Accepts Healthy Volunteers
Details
Lead Sponsor:
Pfizer
Treatments:
Midazolam
Criteria
Inclusion Criteria:

Subjects must meet all of the following inclusion criteria to be eligible for enrollment
into the study:

- Healthy male and/or female subjects between the ages of 18 and 55 years, inclusive
(Healthy is defined as no clinically relevant abnormalities identified by a detailed
medical history, full physical examination, including blood pressure and pulse rate
measurement, 12 lead ECG and clinical laboratory tests).

- Women must be of non childbearing potential.

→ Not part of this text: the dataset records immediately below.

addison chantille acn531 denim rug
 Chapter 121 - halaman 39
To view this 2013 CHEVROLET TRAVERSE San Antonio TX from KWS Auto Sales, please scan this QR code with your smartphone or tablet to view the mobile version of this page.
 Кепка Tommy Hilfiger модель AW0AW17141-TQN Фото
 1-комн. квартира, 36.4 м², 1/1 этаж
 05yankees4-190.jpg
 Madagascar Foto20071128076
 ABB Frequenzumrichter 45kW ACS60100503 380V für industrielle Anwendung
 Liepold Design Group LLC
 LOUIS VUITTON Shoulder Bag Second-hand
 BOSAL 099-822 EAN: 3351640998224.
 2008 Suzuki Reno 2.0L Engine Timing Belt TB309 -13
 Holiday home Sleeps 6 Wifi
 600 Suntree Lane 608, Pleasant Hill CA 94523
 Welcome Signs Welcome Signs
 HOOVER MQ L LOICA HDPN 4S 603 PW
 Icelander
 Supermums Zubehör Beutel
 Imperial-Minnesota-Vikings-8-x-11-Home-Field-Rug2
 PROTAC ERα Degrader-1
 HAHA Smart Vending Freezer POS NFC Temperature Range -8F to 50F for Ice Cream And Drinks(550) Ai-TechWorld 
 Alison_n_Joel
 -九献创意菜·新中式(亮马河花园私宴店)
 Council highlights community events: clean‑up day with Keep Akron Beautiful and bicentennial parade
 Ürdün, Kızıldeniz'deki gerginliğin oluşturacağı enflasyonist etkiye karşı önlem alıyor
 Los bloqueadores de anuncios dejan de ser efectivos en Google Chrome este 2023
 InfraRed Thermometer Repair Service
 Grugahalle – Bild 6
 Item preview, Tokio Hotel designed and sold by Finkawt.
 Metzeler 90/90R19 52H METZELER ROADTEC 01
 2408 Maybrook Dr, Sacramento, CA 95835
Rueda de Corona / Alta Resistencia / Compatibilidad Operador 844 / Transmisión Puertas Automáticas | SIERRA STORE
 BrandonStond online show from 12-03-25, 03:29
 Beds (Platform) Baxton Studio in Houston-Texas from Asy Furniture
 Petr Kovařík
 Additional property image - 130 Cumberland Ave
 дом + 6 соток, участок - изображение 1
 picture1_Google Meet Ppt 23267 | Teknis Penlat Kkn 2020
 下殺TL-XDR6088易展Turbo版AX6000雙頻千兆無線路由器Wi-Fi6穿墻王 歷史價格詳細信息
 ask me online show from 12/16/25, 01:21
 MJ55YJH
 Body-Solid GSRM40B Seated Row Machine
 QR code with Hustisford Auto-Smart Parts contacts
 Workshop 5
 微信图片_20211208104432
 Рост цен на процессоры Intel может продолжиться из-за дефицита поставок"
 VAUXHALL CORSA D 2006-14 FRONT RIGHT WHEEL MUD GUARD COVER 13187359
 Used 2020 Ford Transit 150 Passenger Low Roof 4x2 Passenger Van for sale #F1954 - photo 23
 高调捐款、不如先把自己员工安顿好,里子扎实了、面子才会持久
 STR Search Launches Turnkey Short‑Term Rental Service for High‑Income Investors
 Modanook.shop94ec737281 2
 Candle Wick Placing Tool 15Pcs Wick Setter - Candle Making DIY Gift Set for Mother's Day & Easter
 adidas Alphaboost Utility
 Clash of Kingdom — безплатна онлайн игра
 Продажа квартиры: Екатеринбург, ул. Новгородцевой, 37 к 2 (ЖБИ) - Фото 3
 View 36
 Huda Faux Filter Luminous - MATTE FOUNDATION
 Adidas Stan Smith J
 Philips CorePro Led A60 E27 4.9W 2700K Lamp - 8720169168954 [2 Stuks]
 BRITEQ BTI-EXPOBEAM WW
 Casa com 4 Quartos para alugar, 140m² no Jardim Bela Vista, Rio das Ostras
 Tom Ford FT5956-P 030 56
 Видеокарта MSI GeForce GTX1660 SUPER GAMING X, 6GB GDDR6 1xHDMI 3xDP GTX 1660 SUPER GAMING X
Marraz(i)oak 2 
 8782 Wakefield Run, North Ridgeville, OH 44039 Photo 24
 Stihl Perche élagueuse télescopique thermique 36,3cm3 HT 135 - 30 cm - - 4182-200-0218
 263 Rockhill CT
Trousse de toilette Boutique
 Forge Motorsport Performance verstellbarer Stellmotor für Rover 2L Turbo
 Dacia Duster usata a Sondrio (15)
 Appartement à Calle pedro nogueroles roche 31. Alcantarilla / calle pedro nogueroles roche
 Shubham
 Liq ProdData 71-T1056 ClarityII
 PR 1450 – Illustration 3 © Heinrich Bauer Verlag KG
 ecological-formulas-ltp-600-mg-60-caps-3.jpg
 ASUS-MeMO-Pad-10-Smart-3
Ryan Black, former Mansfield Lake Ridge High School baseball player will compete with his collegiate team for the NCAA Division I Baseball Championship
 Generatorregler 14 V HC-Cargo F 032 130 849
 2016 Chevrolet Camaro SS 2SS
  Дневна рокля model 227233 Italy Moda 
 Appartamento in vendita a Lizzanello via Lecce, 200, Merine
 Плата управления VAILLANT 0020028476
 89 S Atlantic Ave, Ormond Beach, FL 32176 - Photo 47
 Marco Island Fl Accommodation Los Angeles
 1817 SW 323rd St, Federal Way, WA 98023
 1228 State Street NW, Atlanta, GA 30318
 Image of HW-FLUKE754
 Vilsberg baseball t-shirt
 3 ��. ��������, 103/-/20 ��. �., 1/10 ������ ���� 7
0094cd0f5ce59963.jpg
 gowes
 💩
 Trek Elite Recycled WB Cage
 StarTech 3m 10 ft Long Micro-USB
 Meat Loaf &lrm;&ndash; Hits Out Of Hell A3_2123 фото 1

- Body Mass Index (BMI) of 25 to 35 kg/m2 inclusive; and a total body weight >50 kg (110
lbs).

- An informed consent document signed and dated by the subject.

- Subjects who are willing and able to comply with scheduled visits, treatment plan,
laboratory tests, and other study procedures.

Exclusion Criteria:

- Evidence or history of clinically significant hematological, renal, endocrine,
pulmonary, gastrointestinal, cardiovascular, hepatic, psychiatric, neurologic, or
allergic disease (including drug allergies, but excluding untreated, asymptomatic,
seasonal allergies at time of dosing).

- Evidence or history of any chronic ongoing or current pulmonary disease.

- History of smoking in the past 5 years and a history of smoking more than 10 pack
years, or history or evidence of habitual use of other (non smoked) tobacco or
nicotine containing products. Active ocular disease including infection, glaucoma,
seasonal allergies, dry eye symptoms or retinal/optic nerve disease.